In Germany, the documentation and full evaluation of the NDS was not possible within the ENDB project because the institute in charge of the national NDB was moved to another town while the project was on-going. An emergency solution involving the German EPIC collaborators was set up with the aim of obtaining at least the nutrient data and the general database policies to identify systematic problems of standardization or comparability.
Table 2a summarizes the level of documentation obtained on the method of analysis, which is crucial for the standardization of method-dependent components. As requested to the national compilers, values resulting from direct or indirect analyses (i.e. analytical results (4–23%), aggregation of analytical results (0–45%), summation of constituent components (2–16%), calculation involving conversion factors (3–15%) and calculated on component profile (<0.5–2%)), were largely documented in most data sets. These analytical values represent 20% (Italy) to 68% (France) of the NDS values. Overall, 87% of them are documented for analytical method with a large variation across countries, from 51% in France to over 90% in Italy, the UK, Greece, Sweden, Denmark and Norway. However, when all NDS values are considered, the documentation on method of analysis is missing for 70% of the values. To a large extent, this missing information concerns values with unknown method type (30%) or estimated values (23%). This lack of documentation has relatively little impact on the selected ENDB components with analytical methods which are assumed to be comparable, such as fatty acid fractions, cholesterol, sugars, starch, alcohol, B-vitamins, vitamin C and minerals. However, for fibres (Table 2b), for example, for which values are highly method-dependent, only 26% values were assessed as comparable to the reference AOAC methods, whereas 74% are of indeterminate comparability. Nevertheless, more than half of these values concern logical zeros from non-plant foods or low sources of fibres (e.g. sauces, miscellaneous foods), implicitly assumed comparable. Furthermore, as fibre values from fruits and vegetables and derived products in the ENDB were also assumed to be comparable (see Table 3), only 8–18% of the total fibre values of indeterminate comparability (fibres from potato-, legume- and cereal-based foods) required visual checks to improve comparability and identify outlier values. So, finally, 81–96% of fibre values can be assumed to be comparable.
Standardization, data assessment and evaluation of the NDSs
Following the documentation (see Figure 1), the main objective of the harmonization of the NDSs by the national compilers was to re-evaluate the documented NDSs to improve their comparability and completeness. The main purpose of the ENDB was not to re-evaluate the reliability of the existing national data but to improve their comparability and completeness for use on an international scale.
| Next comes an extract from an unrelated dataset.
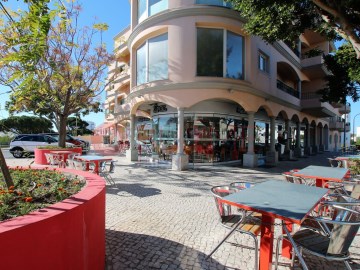 Restaurante/Pastelaria para venda em Quarteira.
Strategies and priorities were, therefore, defined to make the most cost-effective use of the current available resources, taking into account the level of information and documentation actually available in the 9 NDSs. To evaluate the NDSs, a series of assumptions and decisions were made:
It was decided to accept the national data, assuming that the national compilers provide the most reliable values available locally, although it still might include obsolete or non-comparable values. Errors or inconsistencies were reported to the national compilers when identified.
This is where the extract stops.